- Stored data
·····

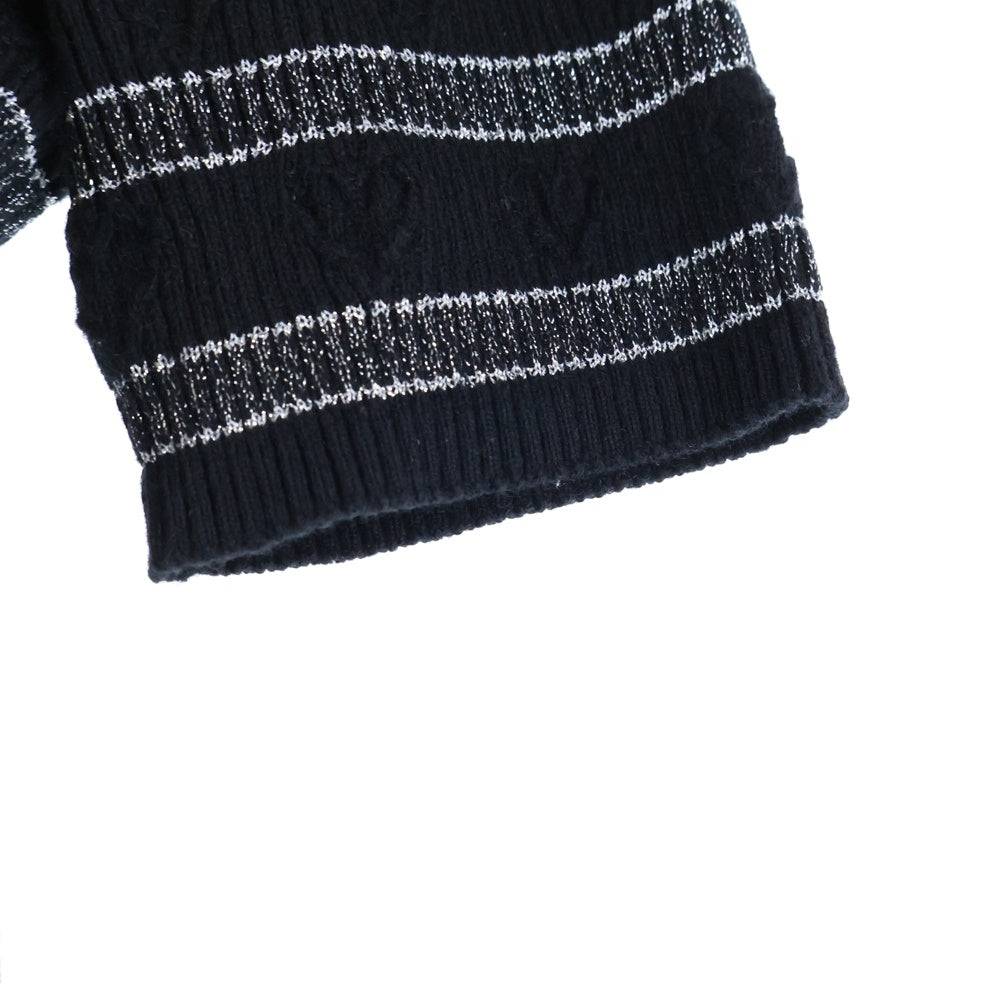 CHANEL(シャネル) ココマークボーダー半袖ニット ブラック レディース P73505K10522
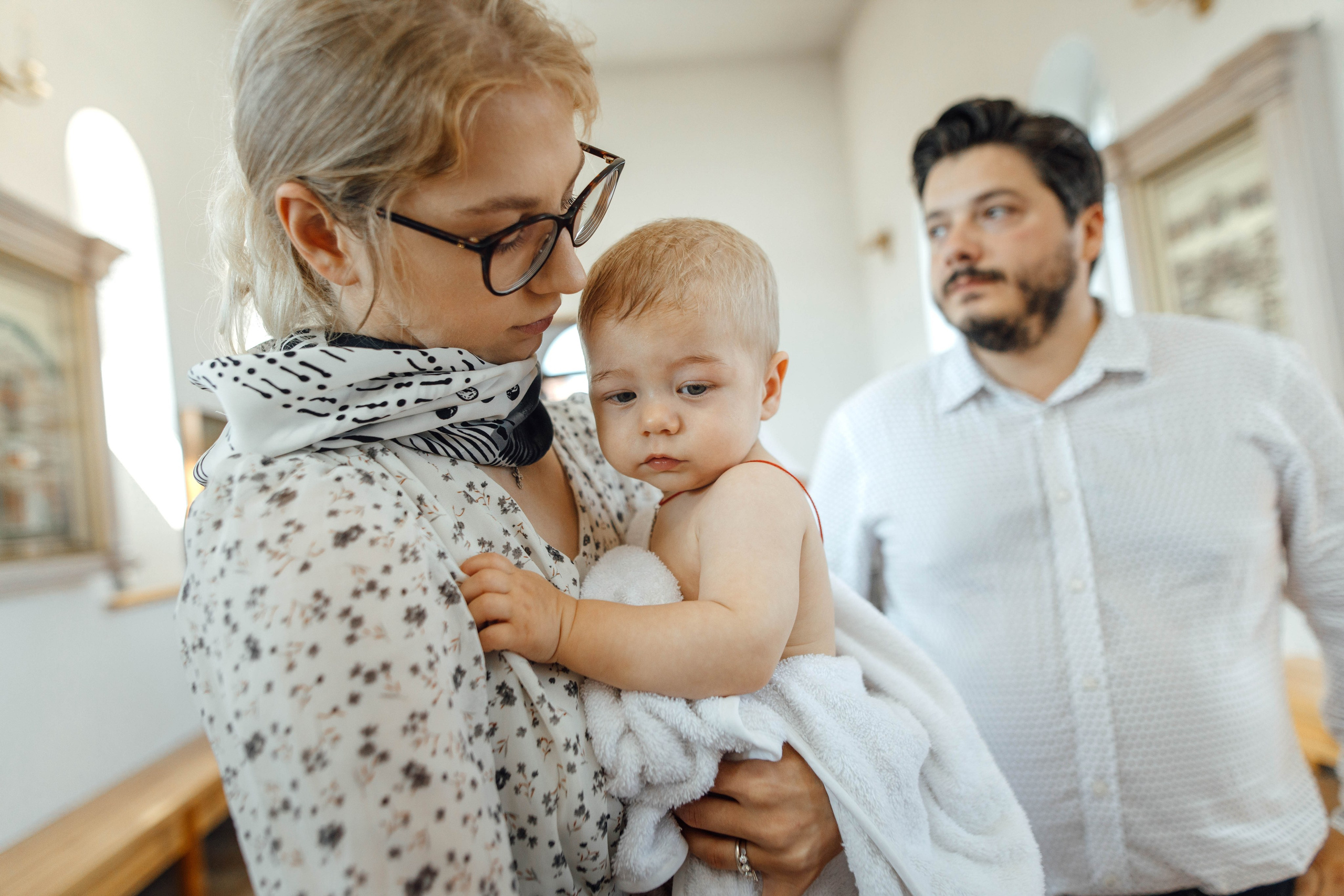 Крещение Энвера (Михаила), д. Колядищи, храм Успения Пр. Богородицы, август 2025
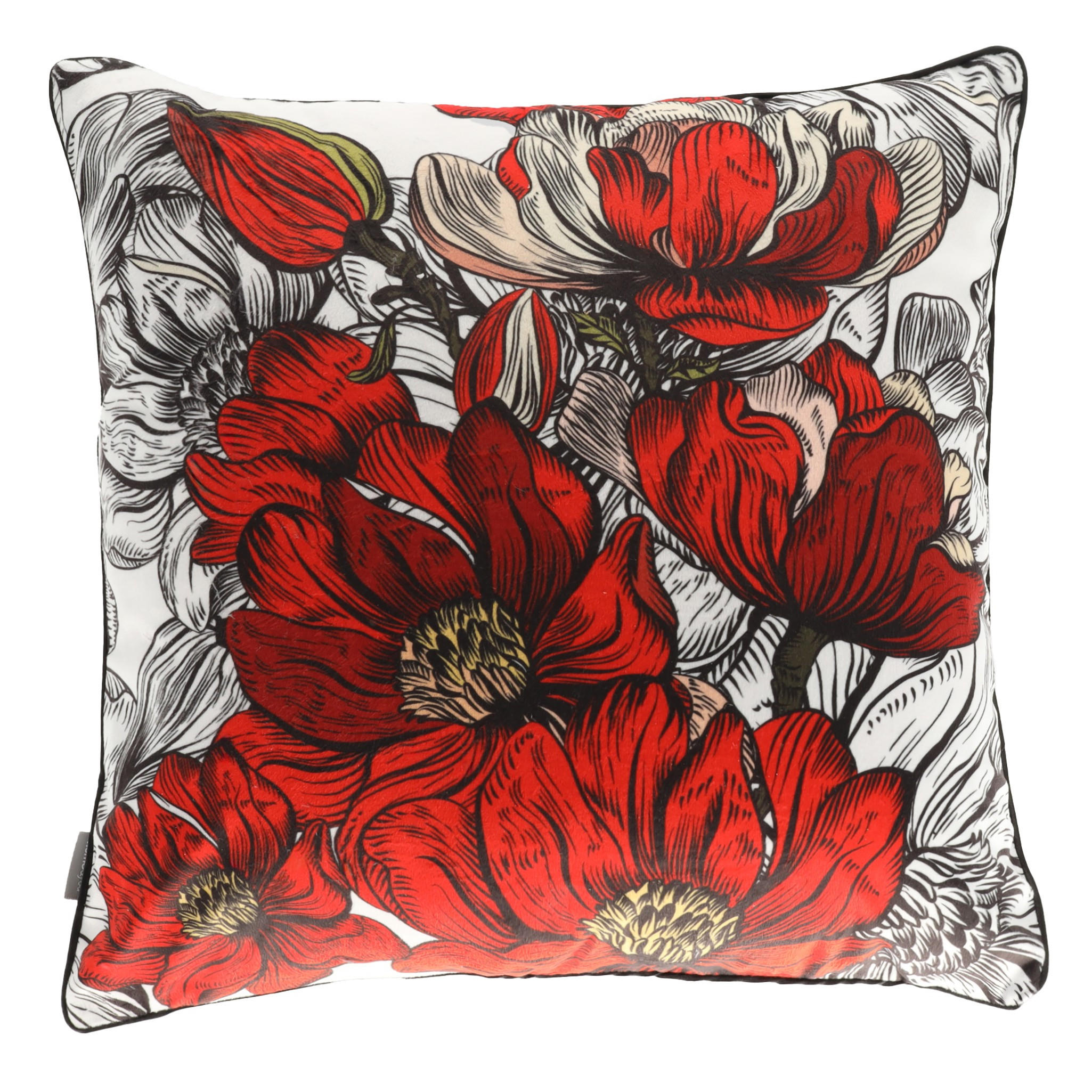 KISSENBEZUG AUS SAMT Verilos - Rot, Textil (45/45cm) - home&you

·····

- How to complete this task
Repeat the data in full and exactly. Omit pictures.

- Completed task
 CHANEL(シャネル) ココマークボーダー半袖ニット ブラック レディース P73505K10522
 Крещение Энвера (Михаила), д. Колядищи, храм Успения Пр. Богородицы, август 2025
 KISSENBEZUG AUS SAMT Verilos - Rot, Textil (45/45cm) - home&you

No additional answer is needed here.